Consider the way malware drops and installs itself. Many times, malware will inject itself into other processes as part of its "installation and deployment". At HBGary, we divide all the various behaviors of malware into categories we call "malware development factors". One of those malware development factors is called "installation and deployment" and it's all the stuff that malware does to survive reboot. In our Digital DNA(tm) we have well over 400 rules to detect just this kind of behavior. For example, malware may install itself as an extension to Internet Explorer and sniff online banking credentials. There are many ways to detect the presence of these capabilities. File handles can be used to detect when malware has been injected into secondary processes.

Malware injected into Internet Explorer opens a suspicious log file. This data is obtained from the kernel handle table.

Another anomaly that you can look for is a strange file path or executable name. Simply compare all the paths that are available in all the modules. In Responder, you can double click the drivers folder,m or the 'All Modules' folder, to view all drivers or modules along with their paths, respectively. Most modules are in consistent locations. When you examine all the module paths together in a single view, the anomalies will stand out. You don't really notice this until you see it in reference to all the other paths on the system. Seeing everything at once helps you detect an outlier quite quickly. This is just one of the types of things you can do when you have all the information at your fingertips.

Executables that are located in a suspicious temp directory. Also, one of executables has a non-standard file extension (.tmp).

A very suspicious kernel-mode device driver. This driver has no path, just an odd name with no file extension. This is a rootkit that was later identified as a variant of the "Black Energy" rootkit family. Notice that Digital DNA has automatically identified this driver as highly suspicious.

Executables that are running in a process that don't have a corresponding module name or path. These are very suspicious and we determined these were injected DLL's that were unlinked from the module list. Notice that Digital DNA has automatically identified these as highly suspicious.

One thing I really like about Responder is that you can sort the information in columns alphabetically and bring the outliers right to the top. Another thing that I like about Responder is that you can also write plug-ins that extend the functionality of the user interface at any point. For example, I could write a regular expression that would search all the file handles for certain patterns and that could include executables used in multi-stage installation, such as CMD.EXE or RUNDLL32.EXE, or files that appear to be in suspicious paths.
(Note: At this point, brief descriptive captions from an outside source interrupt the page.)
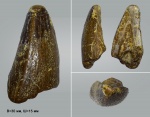 Половинка зуба мозазавра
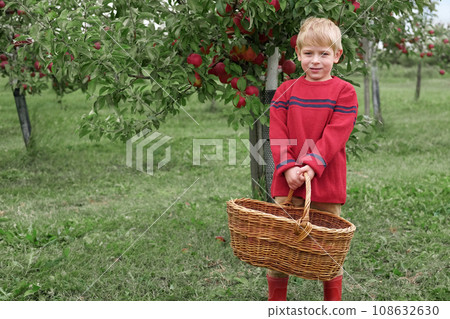 Young Child in the Apple Orchard before Harvesting. Small Toddler Boy Eating a Big Red Apple in the Fruit Garden at Fall Harvest. Basket of Apples on a Foreground. Autumn Cloudy Day, Soft Shadow. Young Child in the Apple Orchard before Harvesting. Small Toddler Boy Eating a Big Red Apple in the Fruit Garden at Fall Harvest. Basket of Apples on a Foreground. Autumn Cloudy Day, Soft Shadow. 108632630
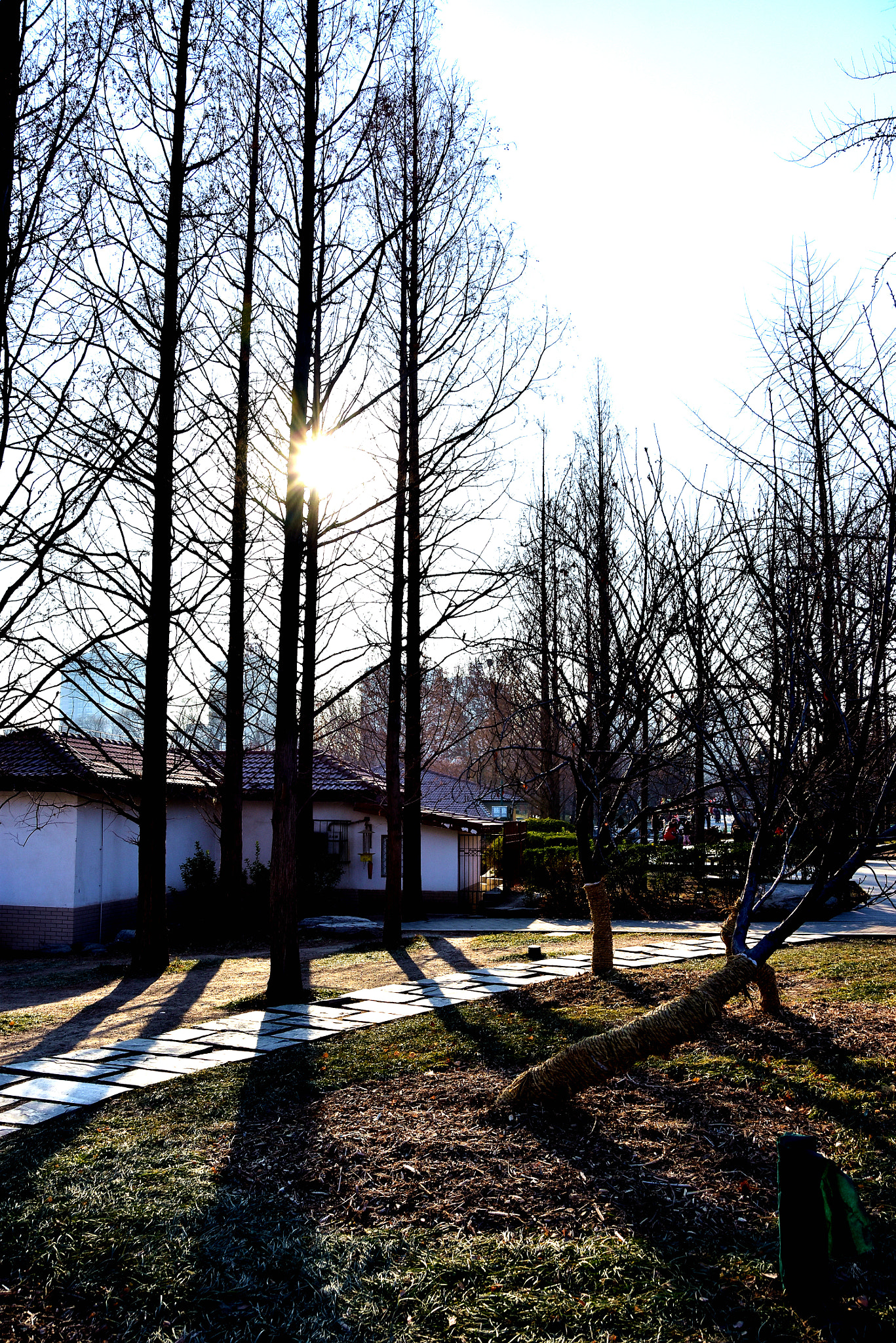 Nikon D7200 sample photo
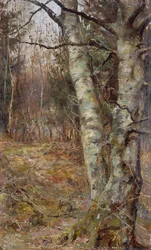 Gamle Warren, Bryanston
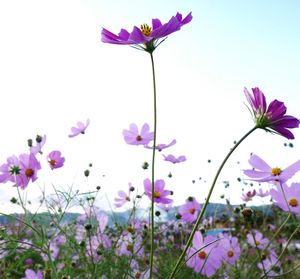 flowering plant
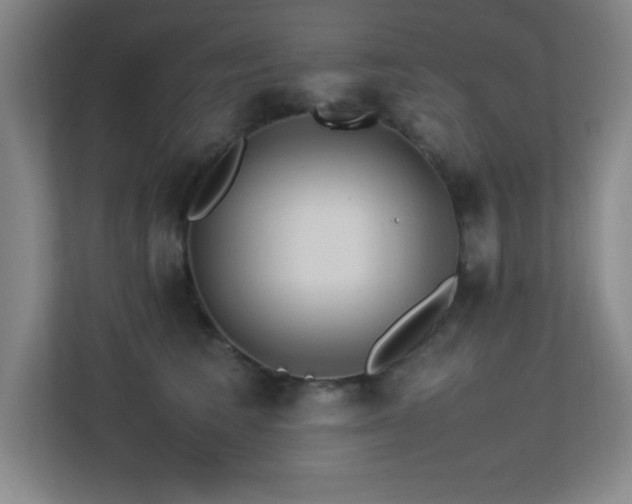 X0000113210613200909101133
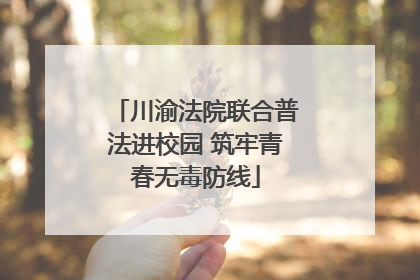 川渝法院联合普法进校园 筑牢青春无毒防线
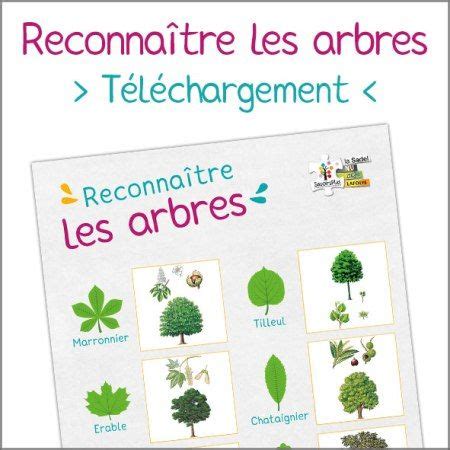 Affiche reconnaître les arbres Le blog SavoirsPlus Reconnaitre les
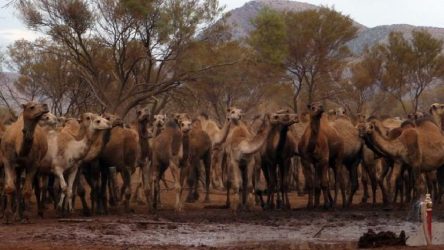 Avustralya'da 10 bin yabani deve öldürülecek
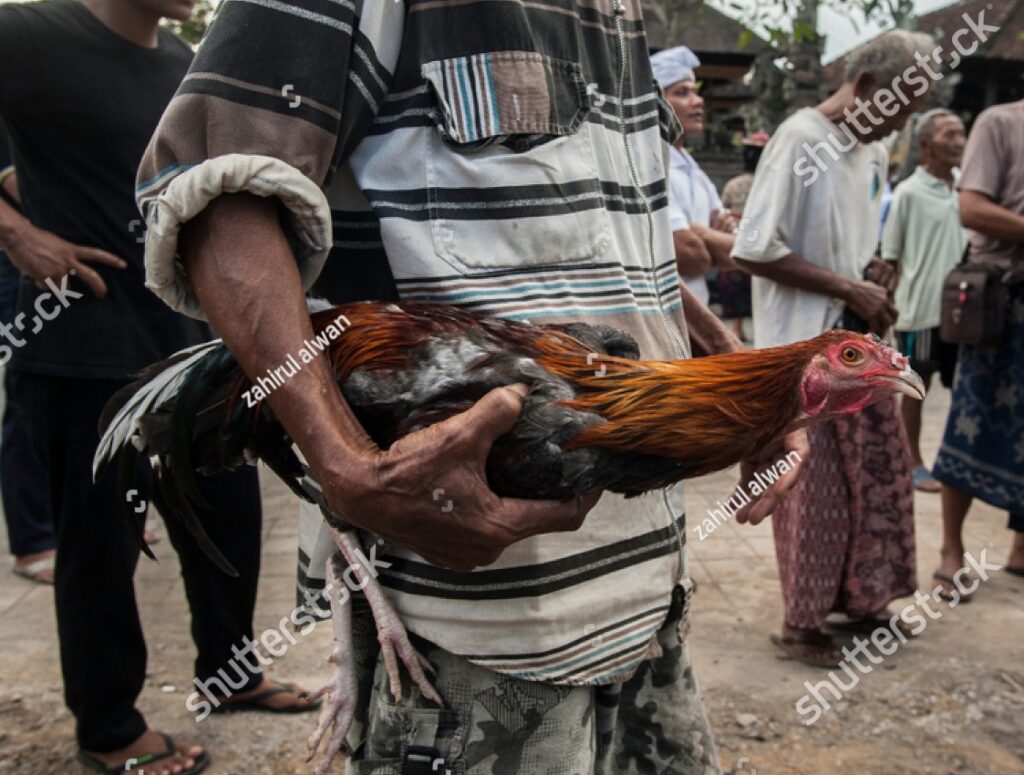 Cách Chăm Sóc Gà Chọi Thay Lông Nhanh, Lông Bóng Mượt Như "Chiến Thần"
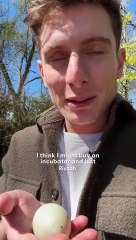 🥊 Boxer vs. Mama Goose: Mike’s Sewer Rescue of Adorable Ducklings! 🦆❤️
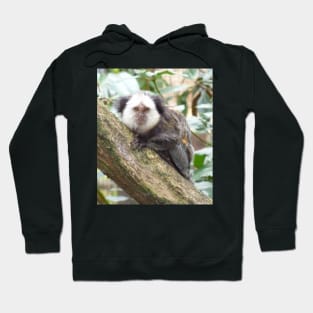 White Faced Marmoset Hoodie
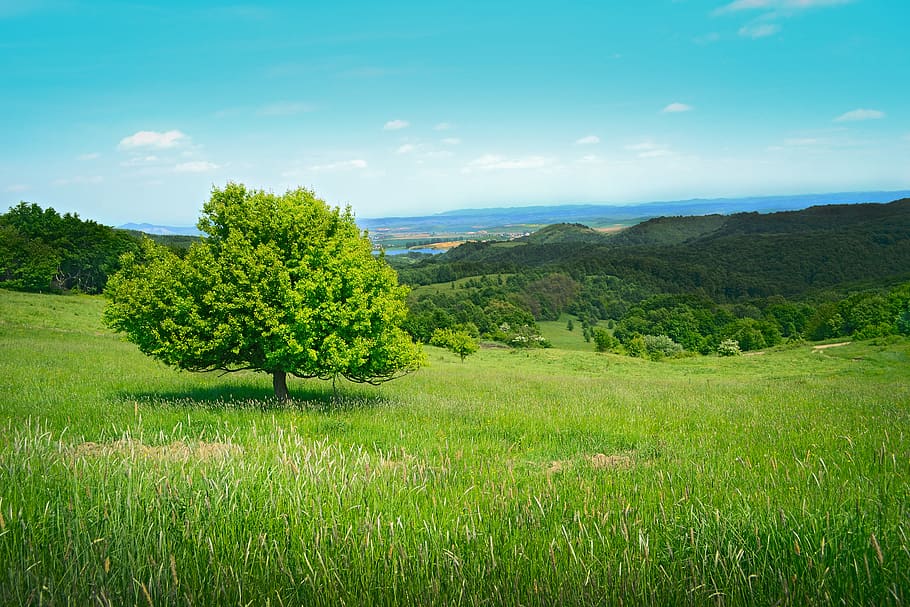 tree, hill, green, grass, field, lake, skies, blue, clouds HD wallpaper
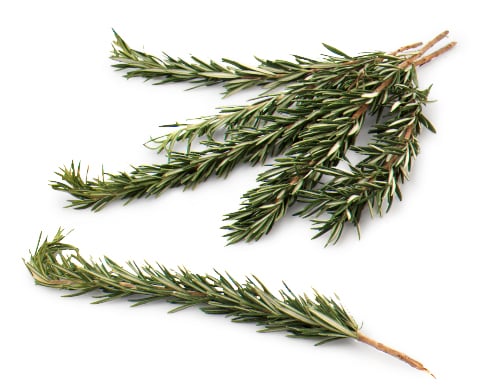Rosemary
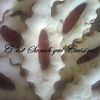 Sablés aux graines de sésame et confiture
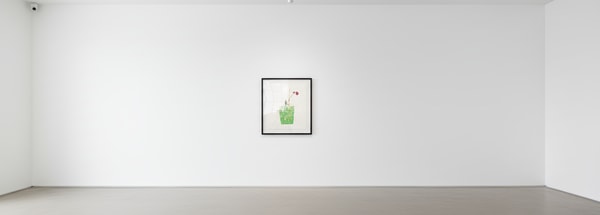 Jonas Wood - Three Landscape Pots : Night Bloom, Orchid, Bromeliad, 2019, Set of 3 etchings with collage and photolithogra...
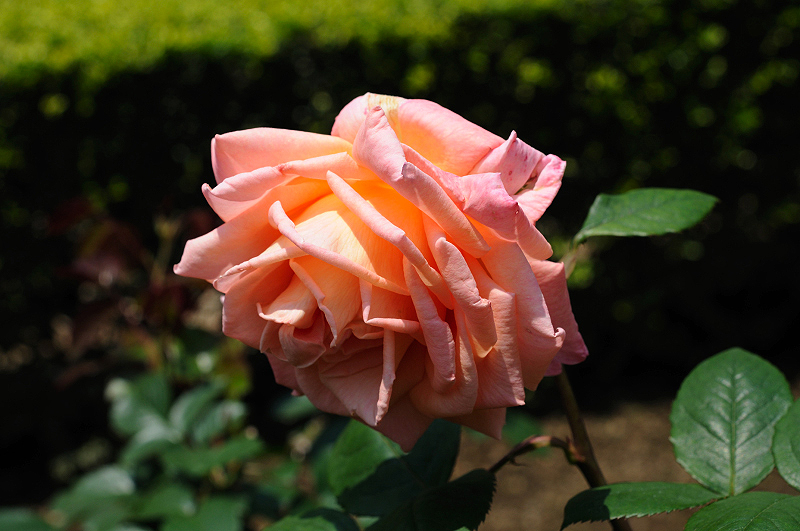 image0120
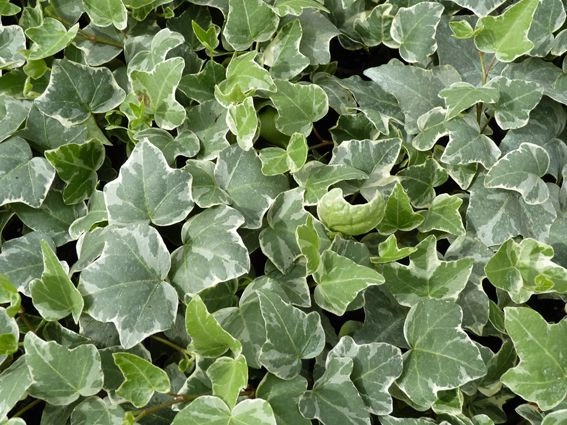 HEDERA helix 'Kolibri' - Lierre Commun 'Kolibri'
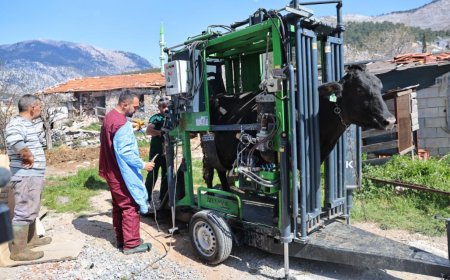 Hayvancılıkta Masraflar Azalıyor: Antalya Büyükşehir Üreticinin Yanında.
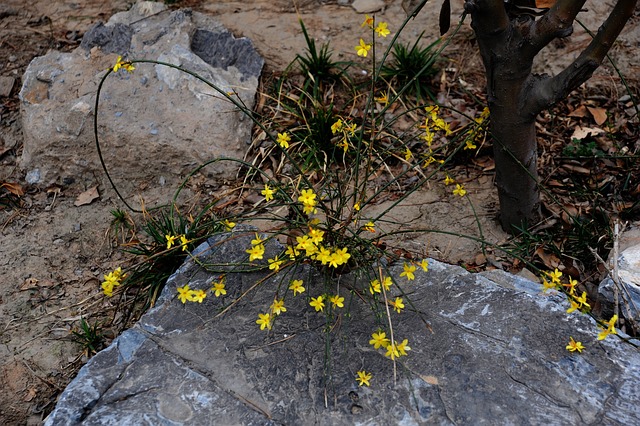 Free Winter Jasmine Mountain Stone photo and picture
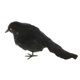 thumbnail image 3 of plumas artificiales cuervos peque?os pájaros cuervos accesorios decoración de Halloween # 2 negro, 3 of 3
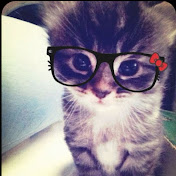 Profile Picture of Myluv (@winonawaukechon9967) on Youtube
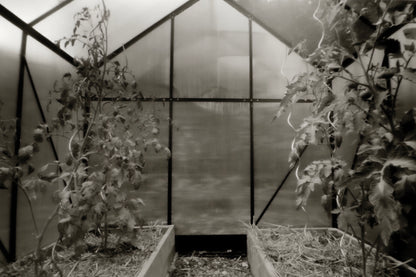 sample image from lerouge 612mk2 multi format analog pinhole camera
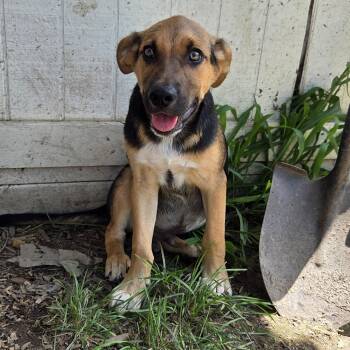 Dillanger -  Coonhound Dog for Adoption in Muncie, Indiana - Dillanger | PetCurious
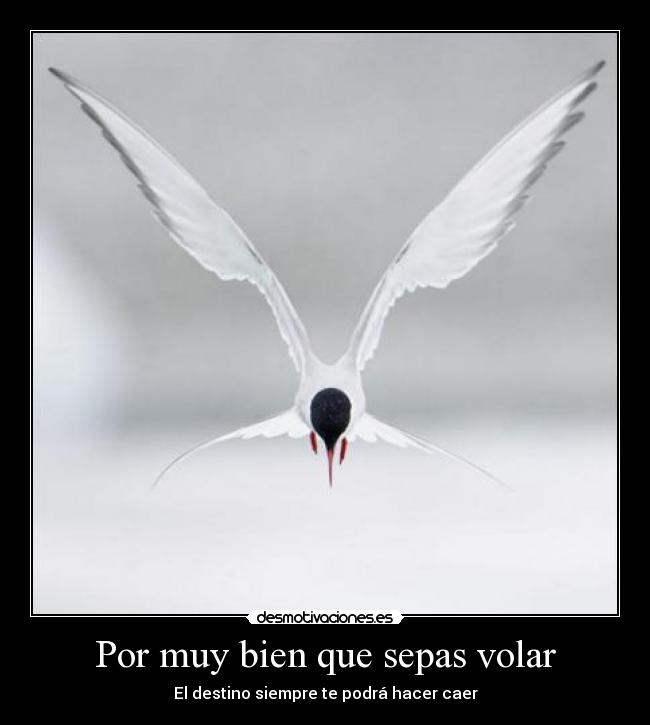 Por muy bien que sepas volar - El destino siempre te podrá hacer caer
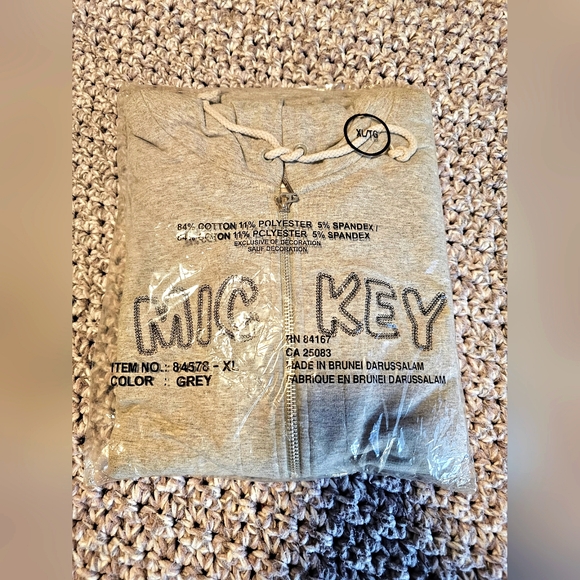 Mickey Mouse Hooded Sweatshirt 💥NWT💥 - Picture 1 of 2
Regex r = new Regex(".*\\\\temp\\\\.*\\.exe$", RegexOptions.IgnoreCase);
Match m = r.Match(stringData.Name);
if (true == m.Success)
// add an item to the report, associated with the DLL
IReportObject wo = theDLLPackage.CreateReportObject(
"suspicious exe in temp path",
"This path looks suspicious, examine further");

Responder scripts are written in C#.

I could even automatically add those to my report. The upcoming 2.0 release of Responder has an interactive report where you basically just drag and drop any specific data item to your report and drop it where you want the report item to appear. The dropped data actually just appears right there in the report at that location, including a description of what it is. Of course, this is editable by you, and you can expand upon it, but it makes it very easy for you to assemble a collection of those things that you find important in the memory snapshot. In summary, the report is a way to export and print the data I care about. I guess it also gives me a way to come back and reference those report items later (if you find yourself re-exploring old memory images). This is a short summary of some things you can do using the handles and the paths that are available to you in a physical memory snapshot.